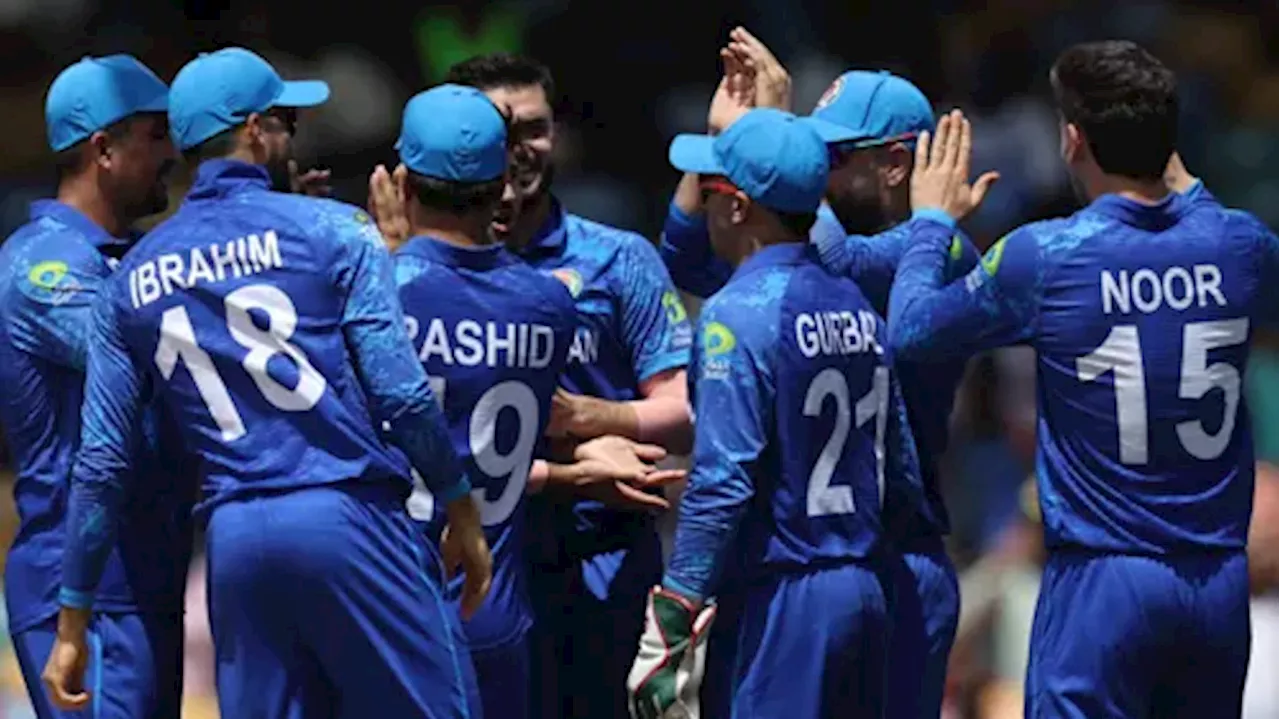 Afghanistan thrash Proteas by six wickets in first ODI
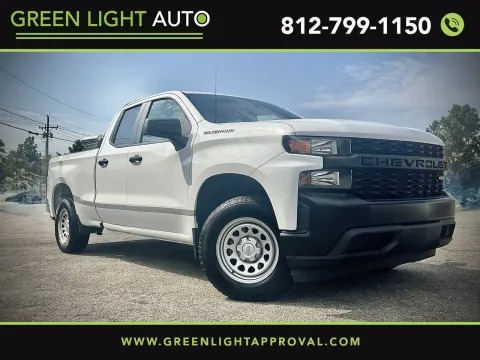 White 2021 Chevrolet Silverado 1500 Work Truck for sale in Columbus, IN
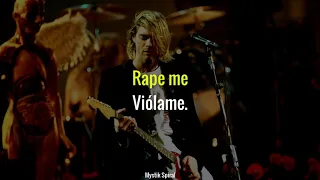 Nirvana - Rape Me - Subtitulada en Español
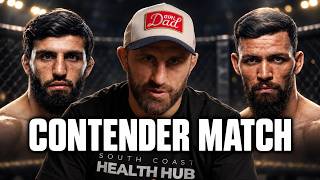 Mauricio Ruffy vs Arman Tsarukyan UFC 331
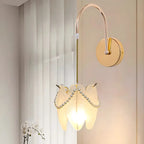 Luxury Gooseneck White Wall Sconce for Living Room Lighting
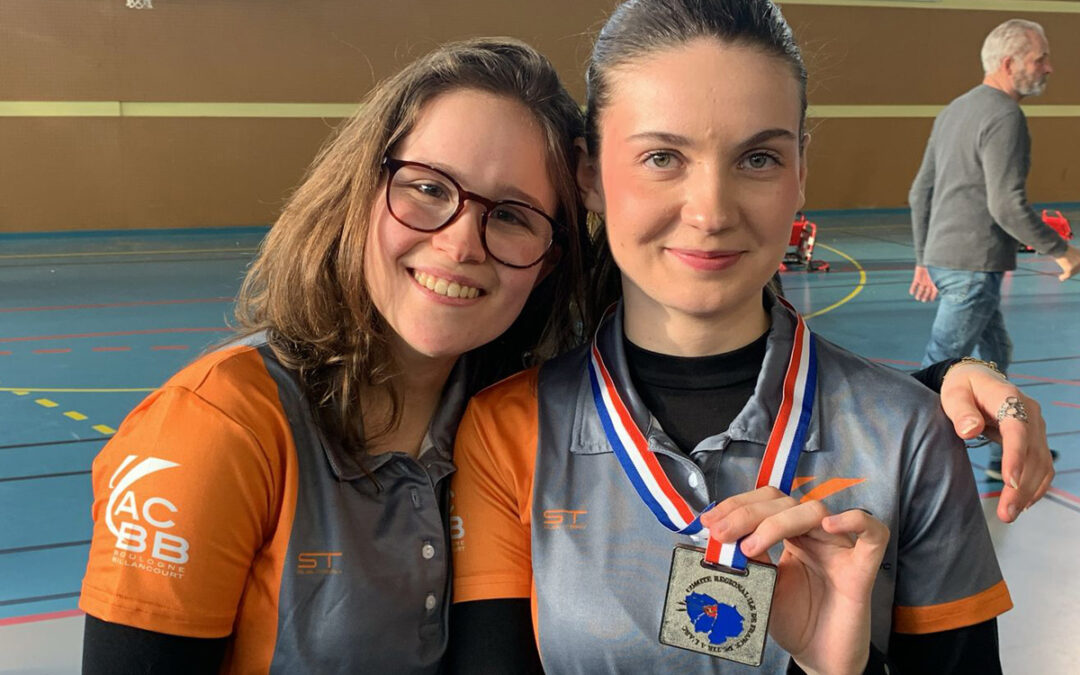 Premier podium régional pour l&rsquo;ACBB tir à l&rsquo;arc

--- ASSIGNMENT ---
Could you reproduce exactly the lines from the first line of the listing through the line containing "Luxury Gooseneck White", both included, with pictures left out?

--- COMPLETED TASK ---
 Afghanistan thrash Proteas by six wickets in first ODI
 White 2021 Chevrolet Silverado 1500 Work Truck for sale in Columbus, IN
 Nirvana - Rape Me - Subtitulada en Español
 Mauricio Ruffy vs Arman Tsarukyan UFC 331
 Luxury Gooseneck White Wall Sconce for Living Room Lighting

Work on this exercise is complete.